The US dollar was able to hold its previously gained positions, but there were no drastic changes observed in the market.
Considering yesterday's economic calendar, we had the publication of Europe's final data on the business activity index in the manufacturing sector, where growth was recorded from 54.8 points to 57.9 points. However, the growth forecast by 0.2 did not affect the Euro currency in terms of dynamics and its strengthening.
At the same time, weak data on the lending market was also released in the UK, where consumer loans declined by 2.4 billion pounds. In total, the lending market has fallen by 6.2 billion pounds for the past five months. Thus far, there is no reason to resume its growth.
In defense of the pound sterling, it can be noted that the data published synchronously on the index of business activity in the manufacturing sector turned out to be better than the preliminary estimate – the index rose from 54.1 points to 55.1 points. But unfortunately, nothing significant has happened in the market even with this margin of error.

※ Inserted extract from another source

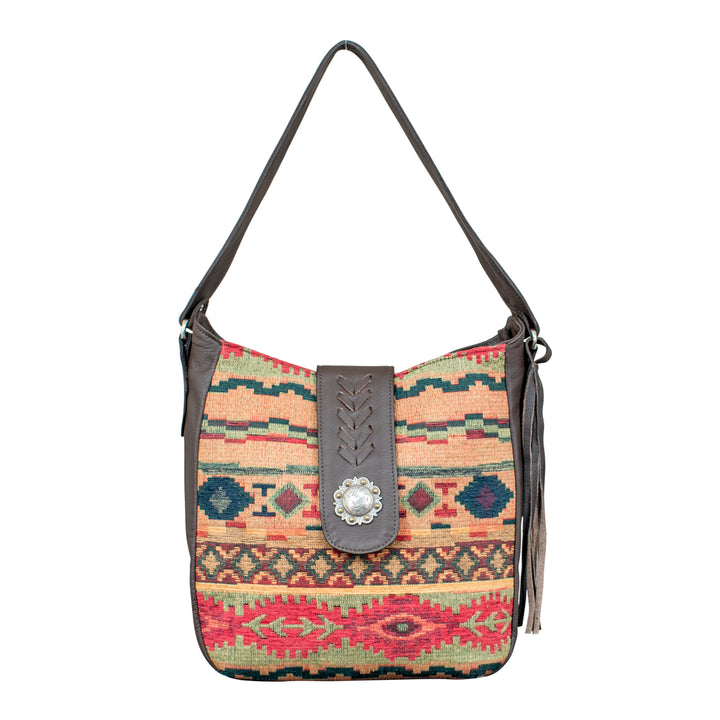 Santa Fe Hand Woven Tapestry Soft Zip Top Shoulder Hobo w/ Secret Compartment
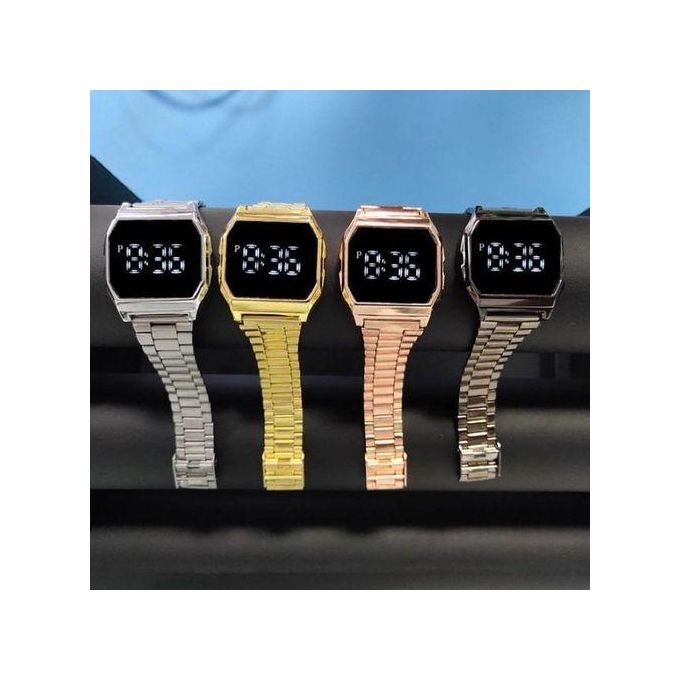 Touch Screen Vintage stainless steel Waterproof Digital for Men Woman Unisex Watch Relo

The EUR/USD pair managed to update Friday's local low. As a result, the price approached the area of the psychological level of 1.2000.
The GBP/USD pair continues to focus below the area of the psychological level of 1.3950/1.4000/1.4050, leaving sellers expecting for the pound to further weaken.
Trading recommendations for EUR/USD and GBP/USD on March 2, 2021
Today, important statistics will be published. The main data is the preliminary estimate of inflation in the Eurozone, which is expected to continue rising from 0.9% to 1.0%. Such optimistic expectations are likely to provoke the European Central Bank to think about slightly adjusting the monetary policy, namely by its tightening. If so, investors' interest will rise, which leads to an increase in bond yields. All things considered, this can positively affect the euro's growth.
10:00 Universal time - EU inflation
Looking at the EUR/USD pair trading chart, one can observe that the price is moving within the deviation of the level of 1.2000, from which the volume of short positions were lowered. This can result in a natural price rebound in the direction of 1.2070.
An alternative scenario of the market development considers the prolongation of the January correction. In this case, the quote must stay below the 1.1980 level in the H4 time frame. After that, it may break through the local low of 1.1952 from February 5.
As for the GBP/USD pair trading chart, it can be seen that the quote has already broken through last week's low, where the area of the psychological level is recovered in the market as resistance. In this case, the previously set downward interest towards the level of 1.3750 is likely to be maintained.